**Records supplied:**
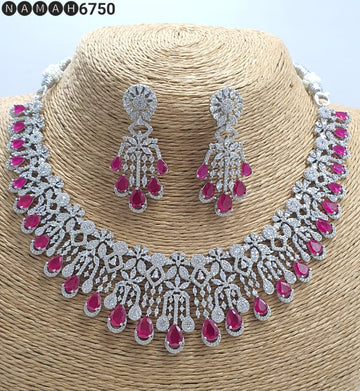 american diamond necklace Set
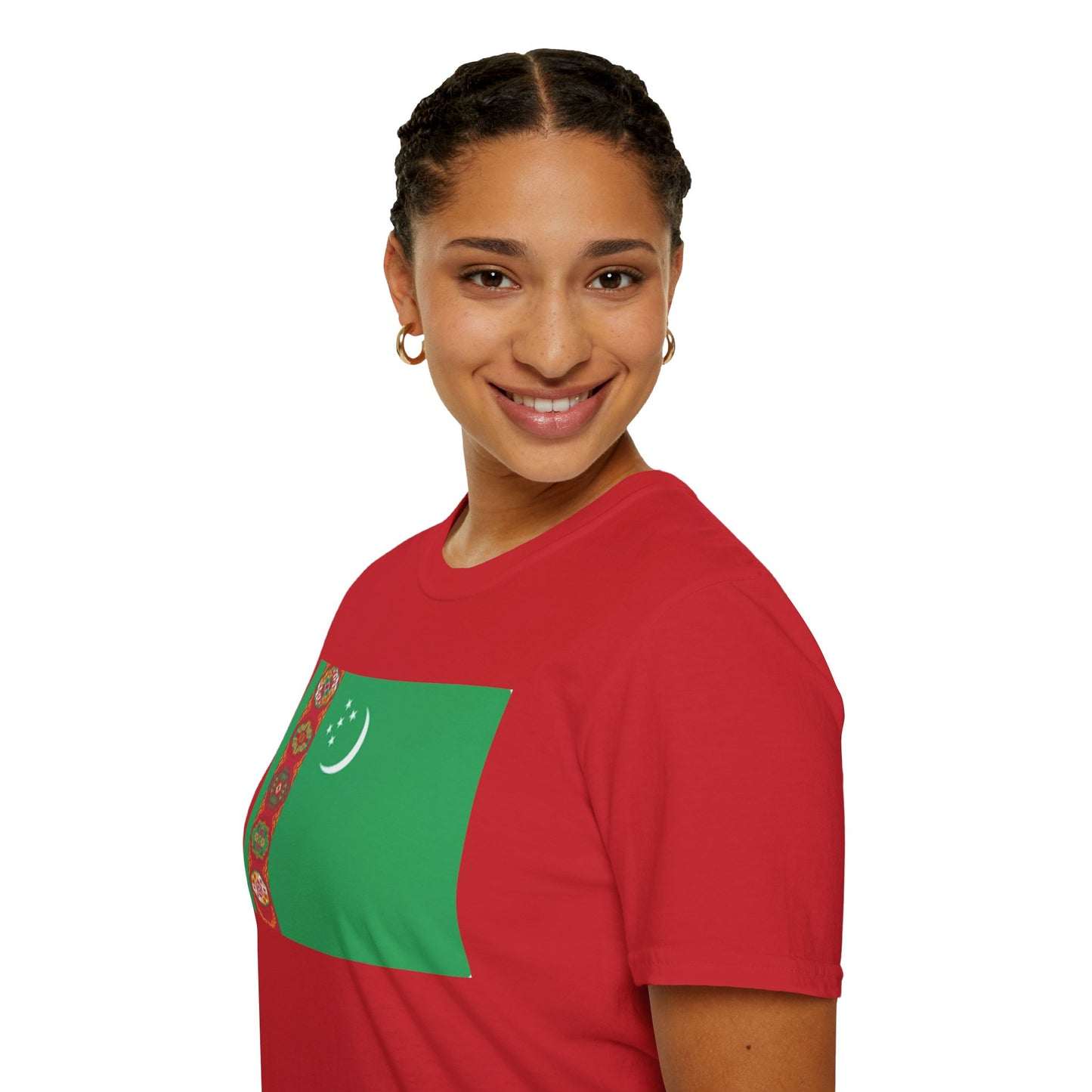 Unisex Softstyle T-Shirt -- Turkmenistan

--

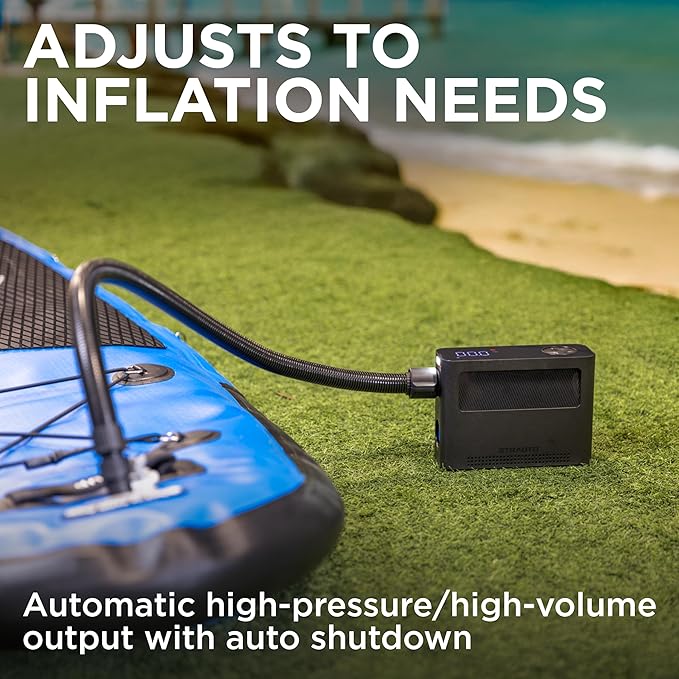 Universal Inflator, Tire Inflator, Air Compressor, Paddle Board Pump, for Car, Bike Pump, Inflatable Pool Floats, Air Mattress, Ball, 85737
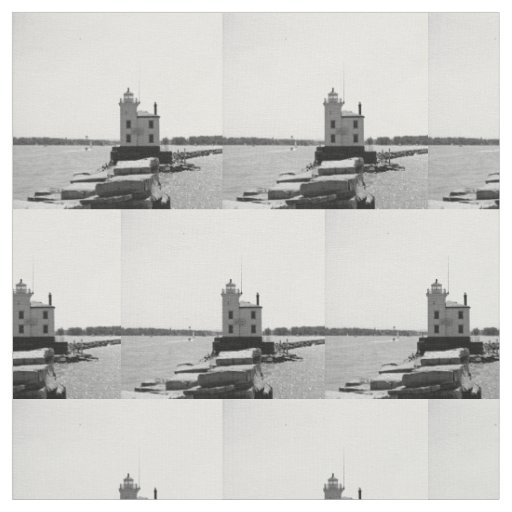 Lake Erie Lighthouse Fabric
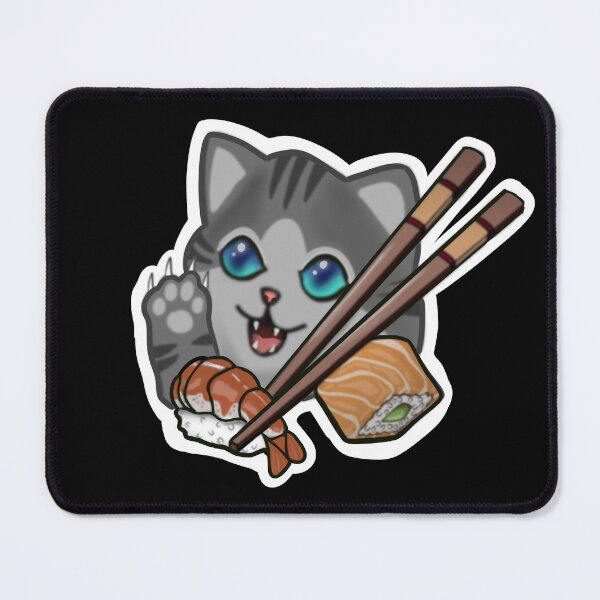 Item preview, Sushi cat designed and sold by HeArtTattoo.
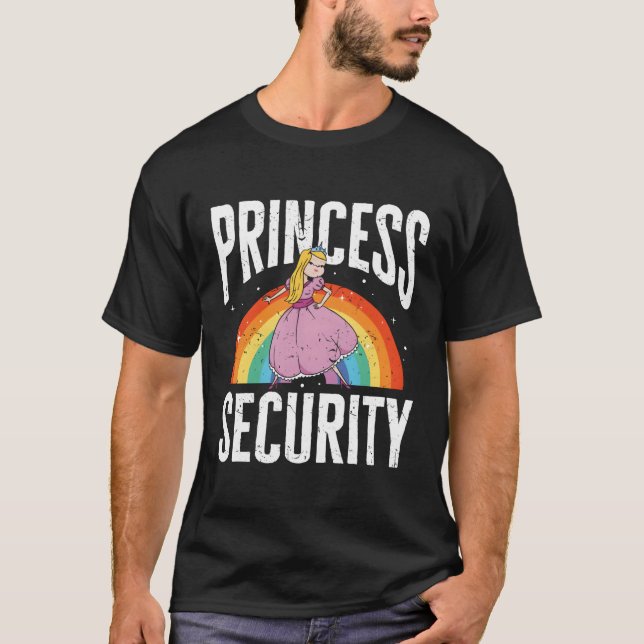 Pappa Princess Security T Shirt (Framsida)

--

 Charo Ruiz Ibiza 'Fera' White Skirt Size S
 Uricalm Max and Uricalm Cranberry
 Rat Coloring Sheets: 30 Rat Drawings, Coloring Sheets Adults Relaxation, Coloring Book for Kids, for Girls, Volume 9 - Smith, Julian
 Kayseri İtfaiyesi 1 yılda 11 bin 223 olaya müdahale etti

**Task to carry out:** Take the material above from the line bearing "american diamond necklace Set" through the line bearing "Unisex Softstyle T-Shirt -- Turkmenistan" and write it out exactly, both end lines included. Pictures stay out.

**Response to this exercise:**
 american diamond necklace Set
 Unisex Softstyle T-Shirt -- Turkmenistan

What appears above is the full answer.